Fortunately, the show pulls back from taking the comparisons
too far. This isn’t a historical parable,
exactly, and the parallels are too weak to sustain one. (Al Qaeda is a twist on David, not Goliath.) What’s most interesting in the comparison is
how fully, so far, the show seems to be complicating and humanizing its
religiously motivated terrorist villains who aren’t even human.

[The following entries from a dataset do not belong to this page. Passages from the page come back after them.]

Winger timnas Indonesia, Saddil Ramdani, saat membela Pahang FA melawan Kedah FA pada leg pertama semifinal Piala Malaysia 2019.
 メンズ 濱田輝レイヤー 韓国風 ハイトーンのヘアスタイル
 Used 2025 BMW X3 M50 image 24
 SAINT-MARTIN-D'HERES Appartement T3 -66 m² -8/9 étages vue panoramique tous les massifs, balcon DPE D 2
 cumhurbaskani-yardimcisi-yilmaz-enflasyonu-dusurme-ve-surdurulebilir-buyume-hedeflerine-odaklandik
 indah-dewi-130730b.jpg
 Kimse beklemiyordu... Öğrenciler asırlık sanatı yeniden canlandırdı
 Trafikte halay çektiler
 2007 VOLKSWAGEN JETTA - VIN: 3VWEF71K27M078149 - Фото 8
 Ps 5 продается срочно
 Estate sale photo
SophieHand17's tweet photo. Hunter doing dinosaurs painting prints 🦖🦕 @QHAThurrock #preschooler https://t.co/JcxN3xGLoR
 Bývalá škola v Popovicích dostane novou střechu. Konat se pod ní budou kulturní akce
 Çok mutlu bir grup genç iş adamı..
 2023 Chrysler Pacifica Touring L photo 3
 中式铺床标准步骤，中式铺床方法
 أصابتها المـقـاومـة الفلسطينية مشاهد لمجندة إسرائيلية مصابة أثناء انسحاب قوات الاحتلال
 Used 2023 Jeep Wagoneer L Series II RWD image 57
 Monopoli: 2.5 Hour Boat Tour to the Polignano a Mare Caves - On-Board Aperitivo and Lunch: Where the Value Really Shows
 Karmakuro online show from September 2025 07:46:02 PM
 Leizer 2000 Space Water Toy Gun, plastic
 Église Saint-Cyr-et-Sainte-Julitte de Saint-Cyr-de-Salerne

By the end of season one, we still don’t know exactly what
makes the Cylons tick, but we know it isn’t something as simple as pure evil. It’s perhaps not even pure ideology. Plotwise it’s still a mystery, and the season
ends precisely where the premier began:
on Caprica, and somewhere else, with a beautiful Number Six Cylon gazing
in wonder on the beauty and promise of an unseen infant. There has been a certain amount of meandering
in the series so far, but in the final minutes the entire season suddenly (in
fact very suddenly) pulls taught. Events
at the finish abruptly demolish the patterns into which everything seemed at
risk of falling.
But, wow, these people spend a lot of time having the hots
for each other. Perhaps that comes with having
a species to reinvigorate, but in story terms it’s a bit much. Between all the M/F couples coupling in bunks,
airlocks, fantasy bedrooms, and the rainy forests of occupied planets, the show
is pretty aggressively hormonal. I guess
it’s worth noting that about half of these people are Cylons, so maybe it’s
something else. Robosexual? The appliances we were warned about? (Honestly, I was kind of hoping that Starbuck
would be gay, if only because “Kickass Lesbian Fighter Pilot” is an archetype just
waiting to be realized. Come on,
SF. You can do this.)
It’s at this level that the soap opera threatens to
overwhelm space opera. At times BG plays
fast and loose with character development, building it mostly through personality
conflict. The under-motivated tantrums
and improbably constant insubordination seem more high school than high
frontier. Not all of these people act
like adults. I enjoy Gaius Baltar, and
the complexity of his relationship with his own Number Six is something very
original in SF TV, but I could do with a bit less of his comic relief. Colonel Tigh’s wife, meanwhile, obviously belongs
on the Love Boat, not the Galactica.
Nearly everyone on the show is very blandly beautiful, with
the dramatic exception of the Commander, who is gravitas craggily personified. There seems to be a whole career visible in the
wrinkles of Adama’s eyes and the seams and pocks of his cheeks. Among all the special effects, the planetary
vistas, the expensive sets, and the lesser and lovelier actors populating the
fleet and what’s left of humanity, Edward James Olmos’s face is the most
visually interesting thing the show has going.